URI = "./milvus_example.db"

vector_store = Milvus(
    embedding_function=embeddings,
    connection_args={"uri": URI},
)

Having instantiated our vector store, we can now index the documents.

In [7]:
ids = vector_store.add_documents(documents=all_splits)

Note that most vector store implementations will allow you to connect to an existing vector store--  e.g., by providing a client, index name, or other information. See the documentation for a specific [integration](/docs/integrations/vectorstores) for more detail.

Once we've instantiated a `VectorStore` that contains documents, we can query it. [VectorStore](https://python.langchain.com/api_reference/core/vectorstores/langchain_core.vectorstores.base.VectorStore.html) includes methods for querying:
- Synchronously and asynchronously;
- By string query and by vector;
- With and without returning similarity scores;
- By similarity and [maximum marginal relevance](https://python.langchain.com/api_reference/core/vectorstores/langchain_core.vectorstores.base.VectorStore.html#langchain_core.vectorstores.base.VectorStore.max_marginal_relevance_search) (to balance similarity with query to diversity in retrieved results).

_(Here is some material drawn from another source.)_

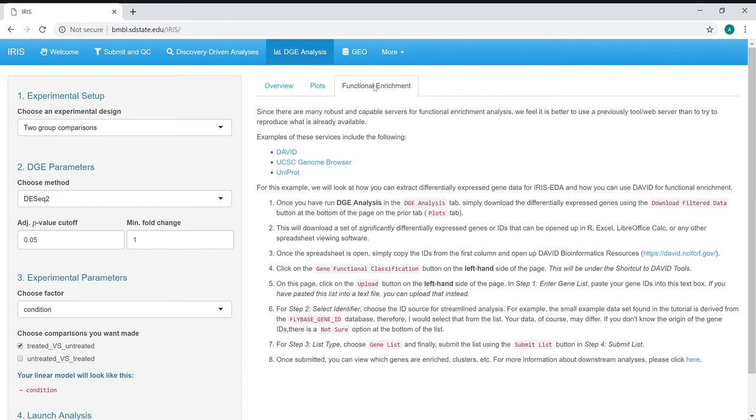What you can also do here, while we didn't integrate it within the server itself, there's plenty of servers out there and plenty of tools that do satisfactory jobs of functional enrichment. So what we have here is an introduction into how you can use any of these tools for the analysis related to this server.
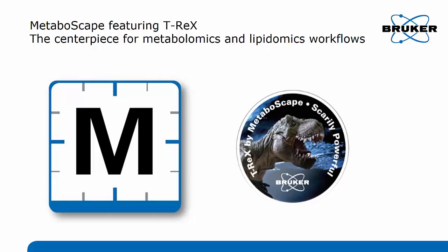Hello and welcome everybody to this short video on Metaboscape featuring the T-REX algorithm, which is a centerpiece for metabolomics and lipidomics workflows.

The methods will generally include a list of [Document](https://python.langchain.com/api_reference/core/documents/langchain_core.documents.base.Document.html#langchain_core.documents.base.Document) objects in their outputs.

### Usage

Embeddings typically represent text as a "dense" vector such that texts with similar meanings are geometrically close. This lets us retrieve relevant information just by passing in a question, without knowledge of any specific key-terms used in the document.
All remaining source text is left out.